Major Bank Daily Analysis & Insights
SEB
The focus of USD investors will be on this week’s FOMC
minutes from May meeting (Wed).
SEB Research interpreted the May FOMC statement as being
slightly hawkish and expects the Fed to hike in June and will look in the
minutes for indications about how certain Fed was that the Q1 weakness was
temporary and any discussions of fiscal policy.
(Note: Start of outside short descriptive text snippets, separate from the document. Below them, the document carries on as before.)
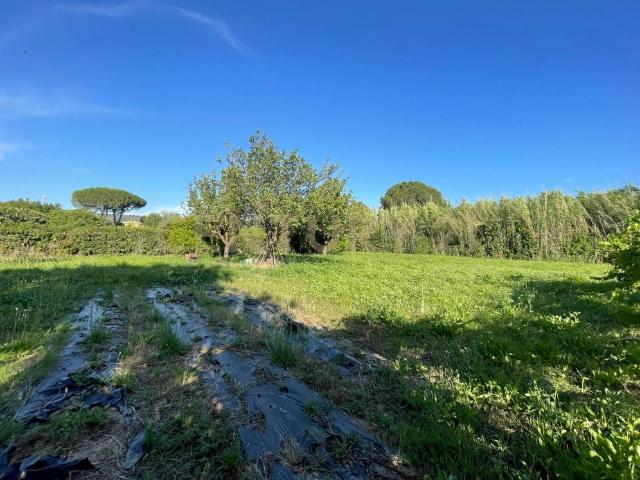 Terreno in vendita a Provinca, Orbetello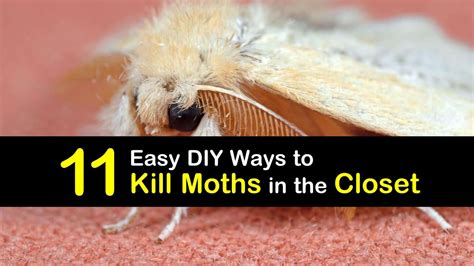 11 Easy Diy Ways To Kill Moths In The Closet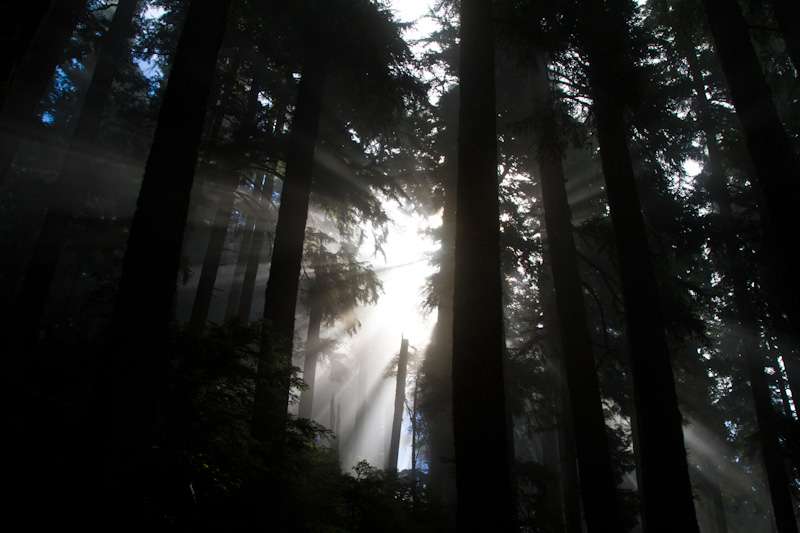 Sunlight Streaming Through Trees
“Arguably, the most interesting aspect of May minutes would
be details about balance sheet normalization. We will be looking for
indications of expected start time, the appropriate future size if the balance
sheet, and the pace of reduction.
Another interesting issue is the possibility of ourright
sales of mortage backed securities (MBS). At this point, we expect that
reduction in the balance sheet will begin in December 2017. Some rough estimate
suggest that the rate of reduction could be around 20bn per month,
corresponding to any policy rate hike per year. However, any details in the
minutes could result in a revision of our estimates,” SEB adds.
Danske
Danske Banks FX Strategy Research notes that EUR/USD has
moved very far, very rapidly in a very short period on the ongoing accelerated
repricing of both Europe and the US.
“The difference in the economic surprise indices between the
Eurozone and the US is at the highest level since spring 2015 and PMIs in the Eurozone
have been marching higher consistently since September 2016, while the cycle in
China and the US is faltering. Eventually, there will be a spill-over from the
IP cycle in China and US into the Eurozone as there always is, but for now, the
Eurozone is shining,” Danske clarifies.
In line with this view, Danske is envisaging the beginning
of the end of the USD’s multi year bull run, and remains structurally bullish
on EUR/USD.
“In the medium to long term, we remain bullish on EUR/USD as
fundamentals such as valuation and current account balances suggest a much
higher EUR/USD over time,” Danske argues.
UOB
EUR/USD: Bullish: Still bullish bot odds for extension to
1.13 are not high.
Merkel’s “EUR is too weak” comment boosted EUR to a high of
1.1263. While this has improved the upward momentum, the bullish phase that
started last Wednesday, 17 May still appears to be over extended and the
extension target of 1.13 may not be seen so soon. We have suggested taking
partial profit at 1.117 last Friday and those remaining longs should adjust the
stop loss higher to 1.113 from 1.1095 yesterday. Looking further ahead, any
break above 1.13 would shift the focus to 1.1365.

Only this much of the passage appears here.